Would it be possible to memorize a password with impossible to crack entropy score or you would forget it?

I can’t estime the KeePassXC entropy calculation but i know from their github repo that they use GitHub - tsyrogit/zxcvbn-c: C/C++ version of the zxcvbn password strength estimator , maybe you can look at some pointers there. also here is an nice explication on how password entropy How to Calculate Password Entropy? - Password Generator .

Hope this can help

Entropy is the base 2 logarithm of the total number of passwords that could be generated by your chosen method. The generation being random is crucial to this, so you can’t rely on human choice. Therefore, you can’t measure the entropy of an arbitrary password that has an unknown generation method.

In KeePassXC, the password generation menu only shows a measure of the password’s guessability with zxcvbn as linked above, and should pretty much be ignored. The passphrase generation menu shows the actual entropy of the generator, but does not indicate that the entropy is no longer valid after you manually edit the passphrase. Having both of these things labelled as “entropy“ in similar menus is inconsistent and only serves to confuse unknowledgeable users. They could easily show the actual entropy as a value for the generator and then show the guessability under the password as you change it. But, they would rather mislabel guessability as entropy and display invalid entropy for manually edited passphrases.

The maintainer has a lack of understanding for what entropy is. They seem to think entropy is something other than a measure of the password generator, and continue to stifle discussion on it.
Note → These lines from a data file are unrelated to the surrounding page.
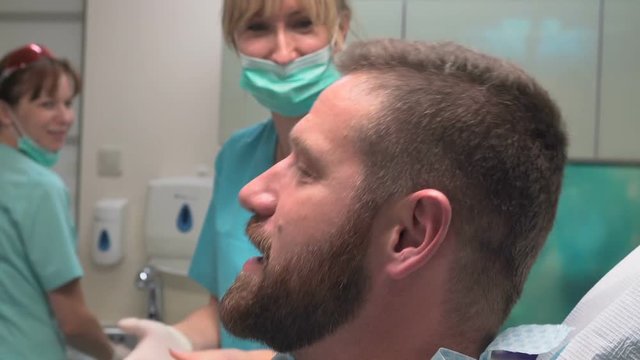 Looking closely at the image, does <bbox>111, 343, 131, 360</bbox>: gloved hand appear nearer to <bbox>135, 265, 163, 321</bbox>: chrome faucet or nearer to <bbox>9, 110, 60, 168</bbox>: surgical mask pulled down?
<bbox>135, 265, 163, 321</bbox>: chrome faucet

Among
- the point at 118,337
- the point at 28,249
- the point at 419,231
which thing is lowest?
the point at 118,337

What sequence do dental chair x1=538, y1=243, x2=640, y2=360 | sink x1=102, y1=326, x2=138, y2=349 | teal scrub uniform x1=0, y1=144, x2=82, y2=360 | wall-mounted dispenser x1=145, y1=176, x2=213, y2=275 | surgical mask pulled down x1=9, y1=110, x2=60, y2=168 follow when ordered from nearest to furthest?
dental chair x1=538, y1=243, x2=640, y2=360, teal scrub uniform x1=0, y1=144, x2=82, y2=360, surgical mask pulled down x1=9, y1=110, x2=60, y2=168, sink x1=102, y1=326, x2=138, y2=349, wall-mounted dispenser x1=145, y1=176, x2=213, y2=275

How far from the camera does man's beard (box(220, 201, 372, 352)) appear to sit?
2.22ft

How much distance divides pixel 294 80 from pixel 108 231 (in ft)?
4.61

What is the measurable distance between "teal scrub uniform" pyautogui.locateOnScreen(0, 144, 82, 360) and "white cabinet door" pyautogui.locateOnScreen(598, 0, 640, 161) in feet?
5.07

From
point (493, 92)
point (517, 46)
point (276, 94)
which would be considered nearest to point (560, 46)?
point (517, 46)

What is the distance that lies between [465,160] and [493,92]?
8 centimetres

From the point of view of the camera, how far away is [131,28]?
7.77ft

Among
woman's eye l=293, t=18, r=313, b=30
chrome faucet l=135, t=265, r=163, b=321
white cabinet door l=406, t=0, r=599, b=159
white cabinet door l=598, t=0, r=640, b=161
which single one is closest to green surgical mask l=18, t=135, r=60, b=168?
chrome faucet l=135, t=265, r=163, b=321

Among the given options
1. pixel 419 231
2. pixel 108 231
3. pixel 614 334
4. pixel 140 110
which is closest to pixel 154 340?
pixel 419 231

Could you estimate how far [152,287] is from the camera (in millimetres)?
2270

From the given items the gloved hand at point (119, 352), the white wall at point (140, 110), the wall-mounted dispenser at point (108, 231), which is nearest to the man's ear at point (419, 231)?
the gloved hand at point (119, 352)

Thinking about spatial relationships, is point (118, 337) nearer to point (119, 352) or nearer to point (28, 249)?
point (119, 352)

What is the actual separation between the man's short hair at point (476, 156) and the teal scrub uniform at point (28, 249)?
112cm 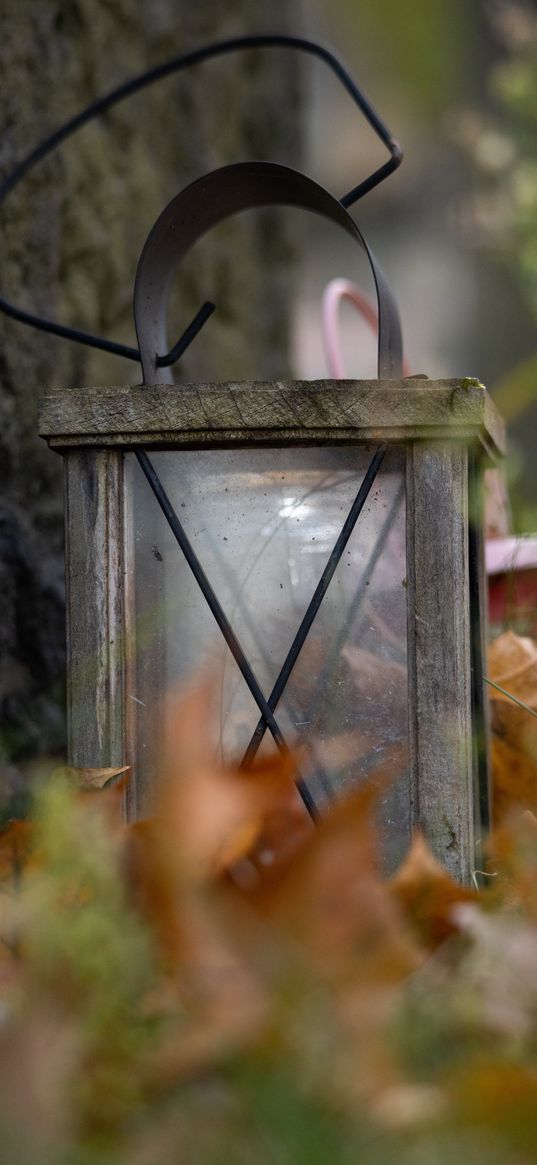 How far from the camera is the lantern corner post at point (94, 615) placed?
2.98 feet

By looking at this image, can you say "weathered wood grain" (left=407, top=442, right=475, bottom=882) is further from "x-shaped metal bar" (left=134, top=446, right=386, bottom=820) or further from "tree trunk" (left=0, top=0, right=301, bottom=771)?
"tree trunk" (left=0, top=0, right=301, bottom=771)

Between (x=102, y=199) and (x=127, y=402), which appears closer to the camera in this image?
(x=127, y=402)

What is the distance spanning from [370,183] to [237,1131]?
0.88 metres

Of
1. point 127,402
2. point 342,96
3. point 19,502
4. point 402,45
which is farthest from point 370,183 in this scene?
point 342,96

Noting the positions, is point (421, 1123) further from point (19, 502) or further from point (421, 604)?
point (19, 502)

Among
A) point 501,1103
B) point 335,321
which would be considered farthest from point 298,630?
point 335,321

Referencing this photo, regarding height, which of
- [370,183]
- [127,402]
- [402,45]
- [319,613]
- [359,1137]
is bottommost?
[359,1137]

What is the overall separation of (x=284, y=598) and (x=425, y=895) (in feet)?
1.19

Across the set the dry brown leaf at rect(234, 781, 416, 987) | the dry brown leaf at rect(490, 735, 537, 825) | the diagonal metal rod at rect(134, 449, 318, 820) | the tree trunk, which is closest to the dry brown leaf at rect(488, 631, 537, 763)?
the dry brown leaf at rect(490, 735, 537, 825)

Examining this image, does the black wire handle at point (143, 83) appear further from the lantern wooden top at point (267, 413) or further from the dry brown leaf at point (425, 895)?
the dry brown leaf at point (425, 895)

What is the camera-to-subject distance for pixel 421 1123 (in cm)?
38

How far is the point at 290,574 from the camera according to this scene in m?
0.93

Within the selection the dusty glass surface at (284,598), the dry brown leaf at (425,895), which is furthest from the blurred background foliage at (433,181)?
the dry brown leaf at (425,895)

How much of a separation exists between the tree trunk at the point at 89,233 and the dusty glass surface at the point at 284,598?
327 millimetres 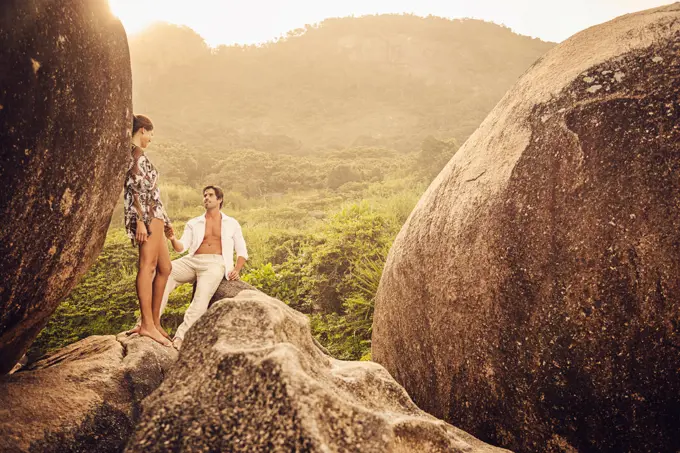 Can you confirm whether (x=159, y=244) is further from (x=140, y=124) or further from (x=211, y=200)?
(x=211, y=200)

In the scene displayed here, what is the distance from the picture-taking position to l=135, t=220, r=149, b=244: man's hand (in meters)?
2.88

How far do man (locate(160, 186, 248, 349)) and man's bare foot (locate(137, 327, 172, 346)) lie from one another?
79cm

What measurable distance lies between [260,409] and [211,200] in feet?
10.4

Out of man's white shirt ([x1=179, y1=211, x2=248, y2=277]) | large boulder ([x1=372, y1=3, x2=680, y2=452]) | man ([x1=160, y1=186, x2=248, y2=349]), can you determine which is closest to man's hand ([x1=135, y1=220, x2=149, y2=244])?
man ([x1=160, y1=186, x2=248, y2=349])

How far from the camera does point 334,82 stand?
43.8 m

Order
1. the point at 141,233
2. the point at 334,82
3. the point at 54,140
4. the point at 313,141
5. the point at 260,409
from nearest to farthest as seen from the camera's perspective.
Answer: the point at 260,409 < the point at 54,140 < the point at 141,233 < the point at 313,141 < the point at 334,82

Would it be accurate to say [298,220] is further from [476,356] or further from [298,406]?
[298,406]

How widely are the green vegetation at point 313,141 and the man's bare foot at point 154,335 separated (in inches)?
83.7

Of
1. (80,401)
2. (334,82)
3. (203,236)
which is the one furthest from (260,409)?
(334,82)

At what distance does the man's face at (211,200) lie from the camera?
4.20 meters

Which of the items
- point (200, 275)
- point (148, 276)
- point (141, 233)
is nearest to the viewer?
point (141, 233)

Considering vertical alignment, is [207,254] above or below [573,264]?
below

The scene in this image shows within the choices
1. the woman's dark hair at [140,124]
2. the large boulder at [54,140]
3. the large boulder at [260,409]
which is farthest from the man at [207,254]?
the large boulder at [260,409]

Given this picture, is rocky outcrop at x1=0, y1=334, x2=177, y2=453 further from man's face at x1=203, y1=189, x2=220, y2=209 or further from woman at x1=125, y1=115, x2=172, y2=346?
man's face at x1=203, y1=189, x2=220, y2=209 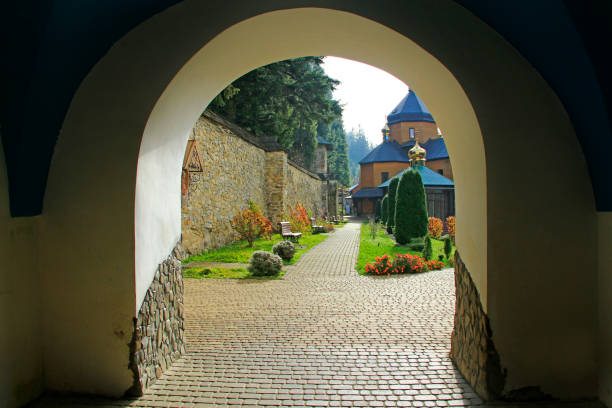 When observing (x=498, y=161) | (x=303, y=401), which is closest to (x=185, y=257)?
(x=303, y=401)

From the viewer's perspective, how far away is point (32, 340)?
257cm

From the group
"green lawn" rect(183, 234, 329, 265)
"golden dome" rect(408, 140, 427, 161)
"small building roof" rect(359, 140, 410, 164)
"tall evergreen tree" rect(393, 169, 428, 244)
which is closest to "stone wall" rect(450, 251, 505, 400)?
"green lawn" rect(183, 234, 329, 265)

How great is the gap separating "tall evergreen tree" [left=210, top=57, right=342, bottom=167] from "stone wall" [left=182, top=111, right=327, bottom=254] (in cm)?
217

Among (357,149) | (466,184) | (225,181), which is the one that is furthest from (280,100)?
(357,149)

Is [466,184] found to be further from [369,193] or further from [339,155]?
[339,155]

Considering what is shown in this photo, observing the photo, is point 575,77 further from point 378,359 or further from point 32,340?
point 32,340

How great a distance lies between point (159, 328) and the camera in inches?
117

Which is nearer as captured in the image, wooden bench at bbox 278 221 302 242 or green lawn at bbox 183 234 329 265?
green lawn at bbox 183 234 329 265

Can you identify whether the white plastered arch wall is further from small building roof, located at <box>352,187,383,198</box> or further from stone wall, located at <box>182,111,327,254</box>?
small building roof, located at <box>352,187,383,198</box>

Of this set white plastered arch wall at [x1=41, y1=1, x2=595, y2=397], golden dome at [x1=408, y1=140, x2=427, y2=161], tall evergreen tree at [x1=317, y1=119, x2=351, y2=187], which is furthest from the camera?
tall evergreen tree at [x1=317, y1=119, x2=351, y2=187]

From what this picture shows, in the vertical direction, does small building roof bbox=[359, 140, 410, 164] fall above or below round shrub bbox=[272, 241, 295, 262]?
above

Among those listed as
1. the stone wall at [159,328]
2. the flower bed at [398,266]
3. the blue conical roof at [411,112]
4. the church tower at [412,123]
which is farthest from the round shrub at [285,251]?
the blue conical roof at [411,112]

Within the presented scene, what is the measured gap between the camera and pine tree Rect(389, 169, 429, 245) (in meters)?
13.3

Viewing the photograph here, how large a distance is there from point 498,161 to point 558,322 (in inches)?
50.7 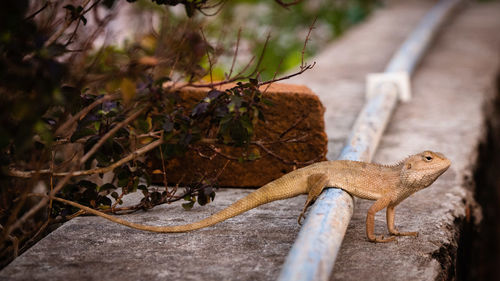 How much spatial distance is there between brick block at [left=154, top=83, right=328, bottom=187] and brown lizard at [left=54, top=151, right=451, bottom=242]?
0.41 metres

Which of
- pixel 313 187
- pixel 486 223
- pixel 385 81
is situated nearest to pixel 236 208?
pixel 313 187

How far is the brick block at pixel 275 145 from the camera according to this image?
12.2 ft

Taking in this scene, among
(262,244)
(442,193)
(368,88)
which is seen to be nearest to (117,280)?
(262,244)

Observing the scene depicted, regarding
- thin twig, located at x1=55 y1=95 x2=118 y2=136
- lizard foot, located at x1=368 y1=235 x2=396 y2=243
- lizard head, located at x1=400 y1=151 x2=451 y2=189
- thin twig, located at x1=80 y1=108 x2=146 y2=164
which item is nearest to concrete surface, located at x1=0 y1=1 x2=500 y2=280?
lizard foot, located at x1=368 y1=235 x2=396 y2=243

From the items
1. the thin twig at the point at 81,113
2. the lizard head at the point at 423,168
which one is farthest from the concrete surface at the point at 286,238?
the thin twig at the point at 81,113

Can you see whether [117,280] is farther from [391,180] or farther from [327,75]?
[327,75]

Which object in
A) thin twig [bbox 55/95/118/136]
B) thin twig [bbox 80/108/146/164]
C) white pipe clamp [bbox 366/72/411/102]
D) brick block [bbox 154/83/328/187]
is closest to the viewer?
thin twig [bbox 55/95/118/136]

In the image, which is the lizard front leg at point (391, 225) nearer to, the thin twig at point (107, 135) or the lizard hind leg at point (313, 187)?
the lizard hind leg at point (313, 187)

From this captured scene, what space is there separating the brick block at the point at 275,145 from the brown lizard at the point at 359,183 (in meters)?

The entropy you should target depends on whether your password will be put through a key derivation function or is otherwise rate limited by a secure hardware element and/or a remote server. I’ll just recommend 80, but don’t use the value in KeePassXC for that. Do log_2((size of character set)^(password length)) for your method of generation. Passphrases should be easier to remember, and you should replace character by word and password length with number of words in the entropy calculation.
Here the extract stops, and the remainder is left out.